Let $$X$$ be a metric space and $$\mathcal B$$ an arbitrary collection of closed balls of uniformly bounded radii. There exists a disjoint sub-collection $$\mathcal B'\subset \mathcal B$$ such that any $$B\in \mathcal B$$ intersects a ball $$B'\in\mathcal B'$$ with

$\operatorname{rad}B'\geq \operatorname{rad}B/2.$

In particular,

$\bigcup_{B\in \mathcal B'}5B \supset \bigcup_{B\in \mathcal B}B.$

Here, $$5B$$ denotes the ball with the same centre as $$B$$ and 5 times the radius.

Proof. For each $$n\in \mathbb Z$$ let

$\mathcal B_n = \{B\in \mathcal B: 2^n \leq \operatorname{rad}B < 2^{n+1}\}.$

Since the balls in $$\mathcal B$$ have uniformly bounded radii, the $$\mathcal B_n$$ are empty for all $$n> N$$, for some $$N\in\mathbb N$$. Let $$\mathcal B'_N$$ be a maximal disjoint sub-collection of $$\mathcal B_N$$. That is, the elements of $$\mathcal B'_N$$ are disjoint elements of $$\mathcal B_N$$ and if $$B\in \mathcal B_N$$, there exists a $$B'\in\mathcal B'_N$$ with $$B\cap B'\neq \emptyset$$. (In general such a maximal collection exists by Zorn’s lemma.
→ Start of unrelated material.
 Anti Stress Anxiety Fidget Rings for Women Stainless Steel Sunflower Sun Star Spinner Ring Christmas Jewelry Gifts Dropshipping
See also Exercise 42.) Let $$\mathcal B'_{N-1}$$ be a maximal collection such that $$\mathcal B'_N\cup \mathcal B'_{N-1}$$ is a disjoint collection. Repeat this for each $$i\in \mathbb N$$, obtaining a maximal collection $$\mathcal B'_{N-i}$$ such that $$\mathcal B'_N\cup \ldots \cup \mathcal B'_{N-i}$$ is a disjoint collection, and set $$\mathcal B'=\bigcup_{n\leq N}\mathcal B'_n$$.

Now suppose that $$B\in \mathcal B$$, say $$B\in \mathcal B_n$$. Then by construction there exists $$B'\in \mathcal B'_m$$ for some $$m\geq n$$ with $$B\cap B'\neq \emptyset$$. In particular, $$\operatorname{rad}B'\geq \operatorname{rad}B/2$$.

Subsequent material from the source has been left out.